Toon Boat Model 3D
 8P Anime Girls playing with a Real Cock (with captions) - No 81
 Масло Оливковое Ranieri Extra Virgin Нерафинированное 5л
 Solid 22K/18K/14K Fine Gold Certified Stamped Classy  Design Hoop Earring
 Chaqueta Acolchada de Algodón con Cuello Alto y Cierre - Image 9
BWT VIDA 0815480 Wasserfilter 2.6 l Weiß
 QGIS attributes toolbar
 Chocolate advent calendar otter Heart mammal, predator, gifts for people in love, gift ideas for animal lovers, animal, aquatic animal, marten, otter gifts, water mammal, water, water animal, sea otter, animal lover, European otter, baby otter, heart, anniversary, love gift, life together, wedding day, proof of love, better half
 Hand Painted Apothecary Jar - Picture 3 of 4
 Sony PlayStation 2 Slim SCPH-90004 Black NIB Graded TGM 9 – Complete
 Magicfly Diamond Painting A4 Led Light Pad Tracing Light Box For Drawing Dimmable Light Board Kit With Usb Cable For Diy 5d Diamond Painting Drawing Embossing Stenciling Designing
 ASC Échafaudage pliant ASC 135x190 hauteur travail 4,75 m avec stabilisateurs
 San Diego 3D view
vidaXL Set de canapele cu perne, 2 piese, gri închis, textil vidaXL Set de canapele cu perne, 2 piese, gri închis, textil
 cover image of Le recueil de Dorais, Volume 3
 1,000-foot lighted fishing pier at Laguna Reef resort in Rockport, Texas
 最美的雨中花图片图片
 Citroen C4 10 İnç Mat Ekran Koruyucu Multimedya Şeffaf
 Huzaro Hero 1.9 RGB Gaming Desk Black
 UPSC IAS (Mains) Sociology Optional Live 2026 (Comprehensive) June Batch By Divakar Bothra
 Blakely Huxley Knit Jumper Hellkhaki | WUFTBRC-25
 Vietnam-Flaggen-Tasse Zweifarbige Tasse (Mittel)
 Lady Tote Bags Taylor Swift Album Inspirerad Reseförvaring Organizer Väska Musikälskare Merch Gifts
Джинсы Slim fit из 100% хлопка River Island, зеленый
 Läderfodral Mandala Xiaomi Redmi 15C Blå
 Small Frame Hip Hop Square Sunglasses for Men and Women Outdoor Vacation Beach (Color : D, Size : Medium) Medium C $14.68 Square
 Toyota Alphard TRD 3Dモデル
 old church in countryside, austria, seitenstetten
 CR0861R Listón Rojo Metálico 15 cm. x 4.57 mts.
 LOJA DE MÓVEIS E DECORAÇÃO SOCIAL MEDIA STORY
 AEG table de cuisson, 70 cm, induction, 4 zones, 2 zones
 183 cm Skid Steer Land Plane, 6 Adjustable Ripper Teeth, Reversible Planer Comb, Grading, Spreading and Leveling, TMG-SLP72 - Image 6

§ §

● ASSIGNED TASK:
Using the material above, retype every line without altering it.

● EXERCISE RESULT:
Toon Boat Model 3D
 8P Anime Girls playing with a Real Cock (with captions) - No 81
 Масло Оливковое Ranieri Extra Virgin Нерафинированное 5л
 Solid 22K/18K/14K Fine Gold Certified Stamped Classy  Design Hoop Earring
 Chaqueta Acolchada de Algodón con Cuello Alto y Cierre - Image 9
BWT VIDA 0815480 Wasserfilter 2.6 l Weiß
 QGIS attributes toolbar
 Chocolate advent calendar otter Heart mammal, predator, gifts for people in love, gift ideas for animal lovers, animal, aquatic animal, marten, otter gifts, water mammal, water, water animal, sea otter, animal lover, European otter, baby otter, heart, anniversary, love gift, life together, wedding day, proof of love, better half
 Hand Painted Apothecary Jar - Picture 3 of 4
 Sony PlayStation 2 Slim SCPH-90004 Black NIB Graded TGM 9 – Complete
 Magicfly Diamond Painting A4 Led Light Pad Tracing Light Box For Drawing Dimmable Light Board Kit With Usb Cable For Diy 5d Diamond Painting Drawing Embossing Stenciling Designing
 ASC Échafaudage pliant ASC 135x190 hauteur travail 4,75 m avec stabilisateurs
 San Diego 3D view
vidaXL Set de canapele cu perne, 2 piese, gri închis, textil vidaXL Set de canapele cu perne, 2 piese, gri închis, textil
 cover image of Le recueil de Dorais, Volume 3
 1,000-foot lighted fishing pier at Laguna Reef resort in Rockport, Texas
 最美的雨中花图片图片
 Citroen C4 10 İnç Mat Ekran Koruyucu Multimedya Şeffaf
 Huzaro Hero 1.9 RGB Gaming Desk Black
 UPSC IAS (Mains) Sociology Optional Live 2026 (Comprehensive) June Batch By Divakar Bothra
 Blakely Huxley Knit Jumper Hellkhaki | WUFTBRC-25
 Vietnam-Flaggen-Tasse Zweifarbige Tasse (Mittel)
 Lady Tote Bags Taylor Swift Album Inspirerad Reseförvaring Organizer Väska Musikälskare Merch Gifts
Джинсы Slim fit из 100% хлопка River Island, зеленый
 Läderfodral Mandala Xiaomi Redmi 15C Blå
 Small Frame Hip Hop Square Sunglasses for Men and Women Outdoor Vacation Beach (Color : D, Size : Medium) Medium C $14.68 Square
 Toyota Alphard TRD 3Dモデル
 old church in countryside, austria, seitenstetten
 CR0861R Listón Rojo Metálico 15 cm. x 4.57 mts.
 LOJA DE MÓVEIS E DECORAÇÃO SOCIAL MEDIA STORY
 AEG table de cuisson, 70 cm, induction, 4 zones, 2 zones
 183 cm Skid Steer Land Plane, 6 Adjustable Ripper Teeth, Reversible Planer Comb, Grading, Spreading and Leveling, TMG-SLP72 - Image 6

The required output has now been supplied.